Bug #23029
closedkatello-backup does incremental backup of pulp data when checksum check is failing
Description
Cloned from https://bugzilla.redhat.com/show_bug.cgi?id=1488525
Description of problem:
Referring to upstream code, but the problem is the same in Red Hat Satellite 6.2.
If we are doing an `--online-backup` with `katello-backup` we are running this part of the code:
FileUtils.cd '/var/lib/pulp' do
puts "Backing up Pulp data... "
matching = false
until matching
checksum1 = run_cmd("find . -printf '%T@\n' | md5sum")
create_pulp_data_tar
checksum2 = run_cmd("find . -printf '%T@\n' | md5sum")
matching = (checksum1 == checksum2)
end
See https://github.com/Katello/katello-packaging/blob/master/katello/katello-backup#L269
The important part is the following:
checksum1 = run_cmd("find . -printf '%T@\n' | md5sum")
create_pulp_data_tar
checksum2 = run_cmd("find . -printf '%T@\n' | md5sum")

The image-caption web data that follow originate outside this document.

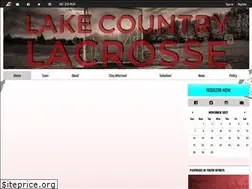 Sites similar to lakecountrylacrosse.com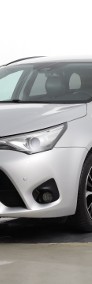 Toyota Avensis IV , Salon Polska, Serwis ASO, Skóra, Navi, Xenon, Bi-Xenon,-3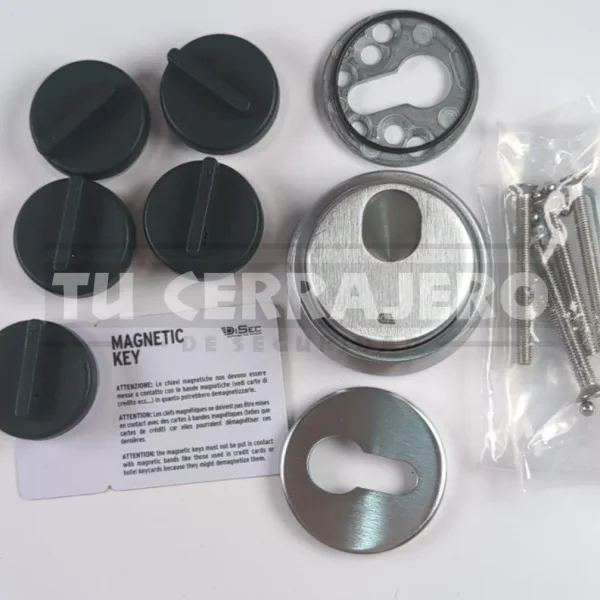 Escudo DISEC MRM29 MAGNETICO 5LL [OUTLET 6]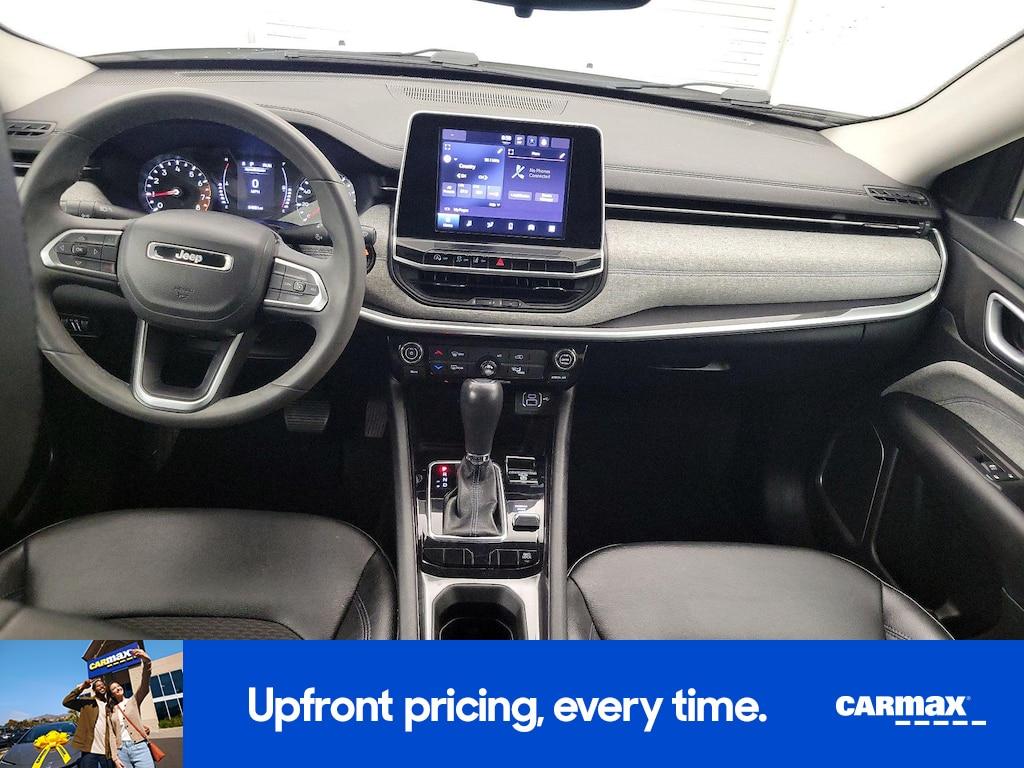 used 2022 Jeep Compass car, priced at $18,998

We are making sure that nothing has changed during the time the `tar` command is run to make sure we have a consistent backup. This is OK. But in case we do hit an issue, we re-run the activity which is failing as the following option is set in the `tar` command:
run_cmd("tar --selinux --create --file=#{File.join(@dir, 'pulp_data.tar')} --exclude=var/lib/pulp/katello-export --listed-incremental=#{File.join(@dir, '.pulp.snar')} --transform 's,^,var/lib/pulp/,S' -S *")
See in https://github.com/Katello/katello-packaging/blob/master/katello/katello-backup#L349
According `tar` man page does `--listed-incremental` create the file if it does not exist or else use it when exists to allow incremental option.

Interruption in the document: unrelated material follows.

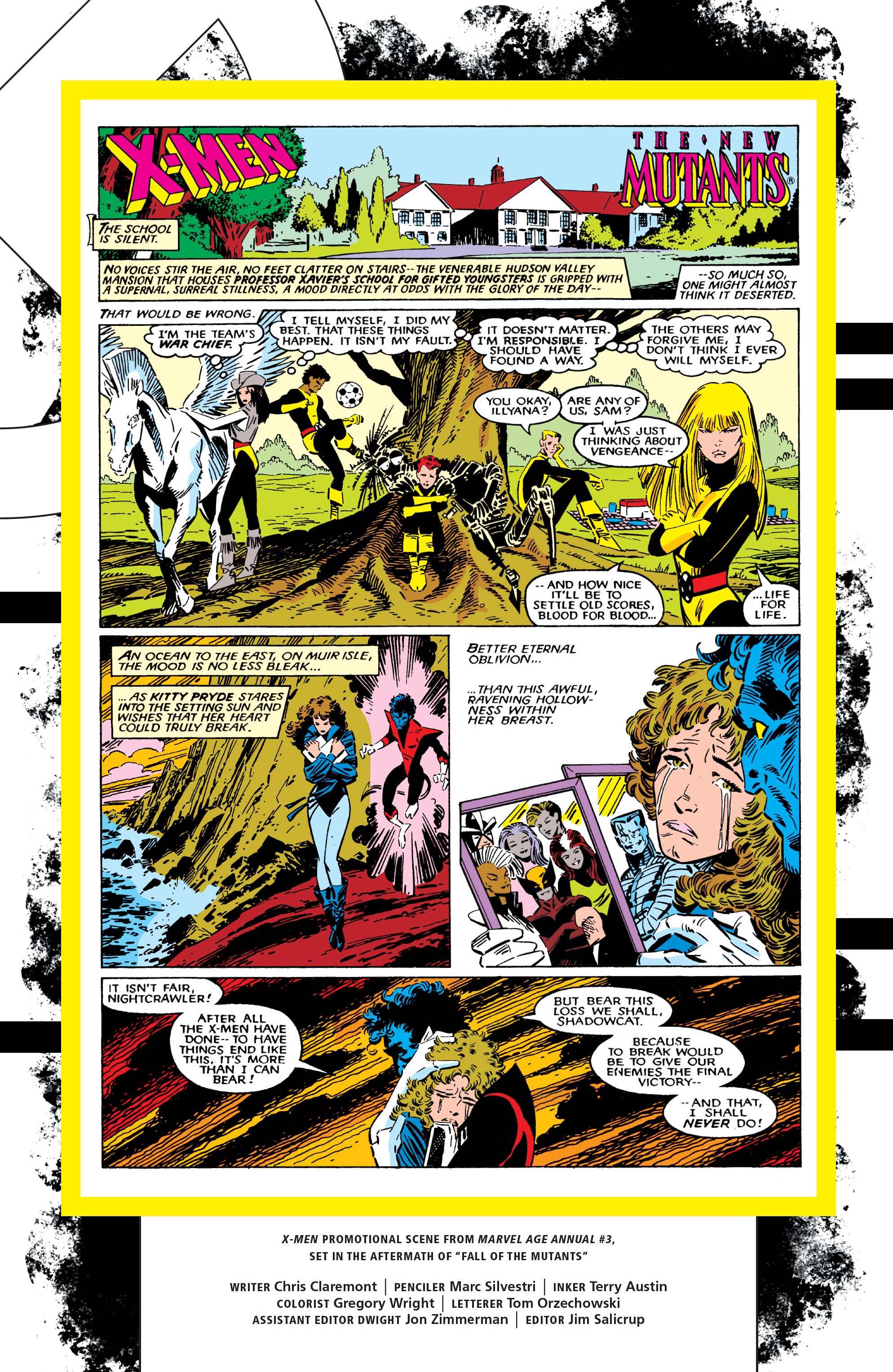 Read online The New Mutants comic -  Issue # _Omnibus 3 (Part 11) - 84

"Handle new GNU-format incremental backups. FILE is the name of a snapshot file, where tar stores additional information which is used to decide which files changed since the previous incremental dump and, consequently, must be dumped again. If FILE does not exist when creating an archive, it will be created and all files will be added to the resulting archive"
Since we don't use an option archive name, that is changing between the re-run we end up with only the changes in `pulp` backup that happen between the first and second run.

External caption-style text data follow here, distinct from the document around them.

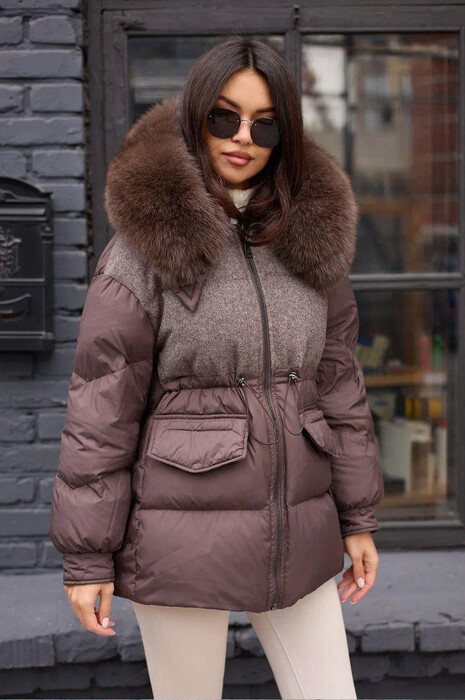 Зимняя куртка 2025 Bogerner с модным дизайном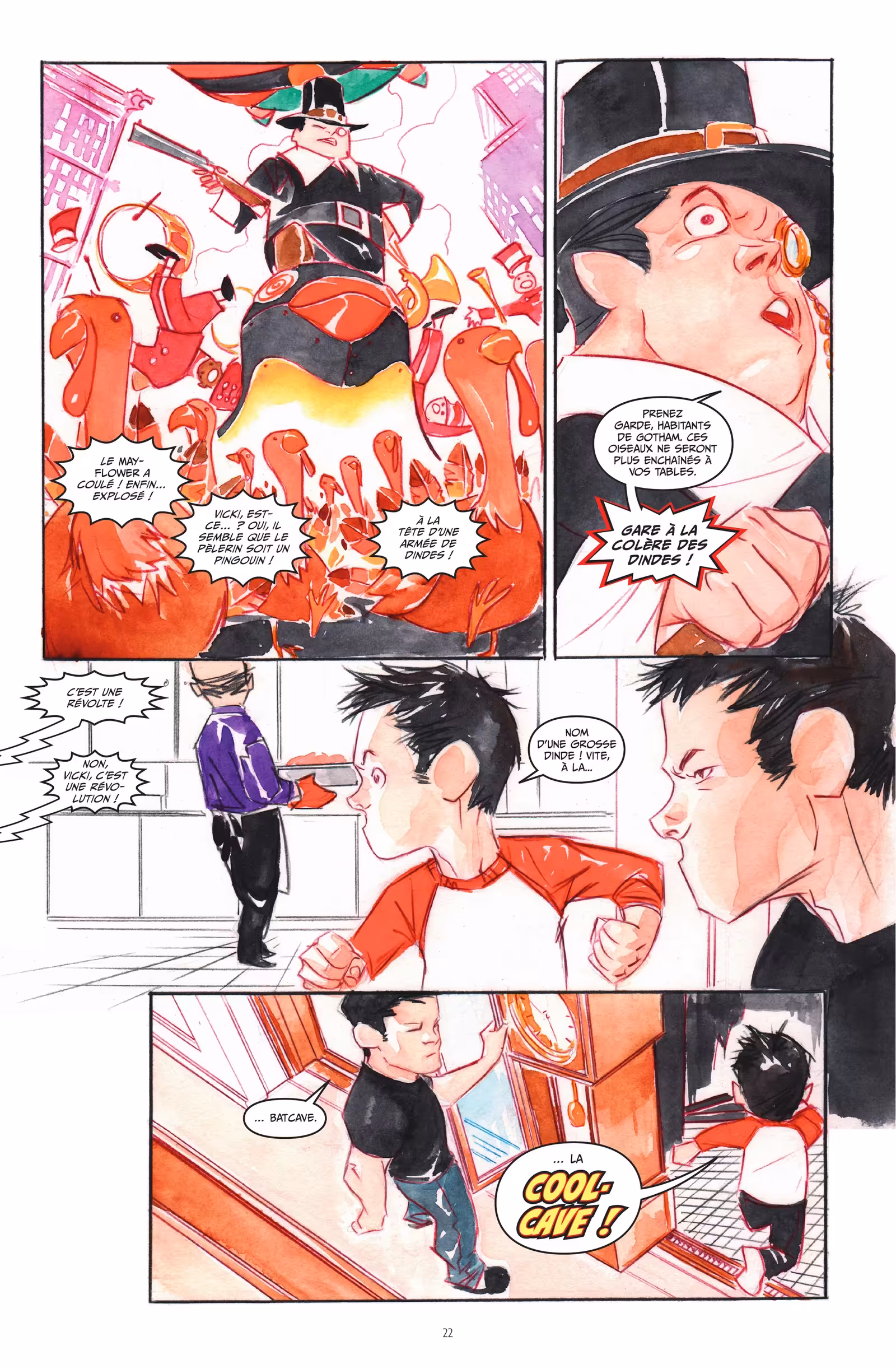 Batman : Little Gotham Volume 1 page 20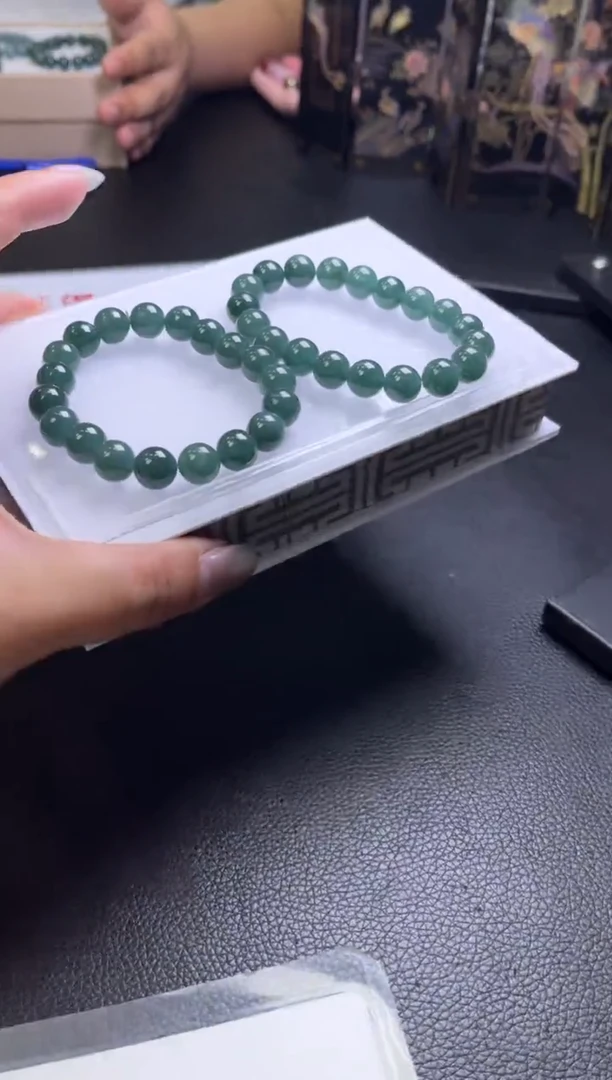 未镶嵌手链翡翠K143/多样性发一件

This should not happen and we should make sure a full backup is taken if we re-run the `tar` command. Another option would be to provide dynamic file names to avoid that the first `pulp` tar is overwritten by the second run and thus is missing all the data.
Version-Release number of selected component (if applicable):
- satellite-6.2.11-2.0.el7sat.noarch
How reproducible:
- Always
Steps to Reproduce:
1. Check out https://bugzilla.redhat.com/show_bug.cgi?id=1478047 where we found a possible cause that would trigger a re-run of the `tar` command to backup `/var/lib/pulp`
Actual results:
Empty `pulp` backup created due to slight modification happening during the first run of the `tar` command that does backup `/var/lib/pulp`. Once the job is rerun, we have a incremental file available and thus only changes are considered which might be very small and thus leaving incomplete backup.
Expected results:
Proper backup to be available after `katello-backup` run. No matter if it ran once or twice or even more.
Additional info:
See https://bugzilla.redhat.com/show_bug.cgi?id=1478047 which is related and which is the reason why we found the problem.
Updated by The Foreman Bot almost 7 years ago
- Status changed from New to Ready For Testing
- Pull request https://github.com/theforeman/foreman-packaging/pull/2313 added
Updated by John Mitsch almost 7 years ago
- Translation missing: en.field_release set to 338
Updated by Jonathon Turel over 6 years ago
- Status changed from Ready For Testing to Closed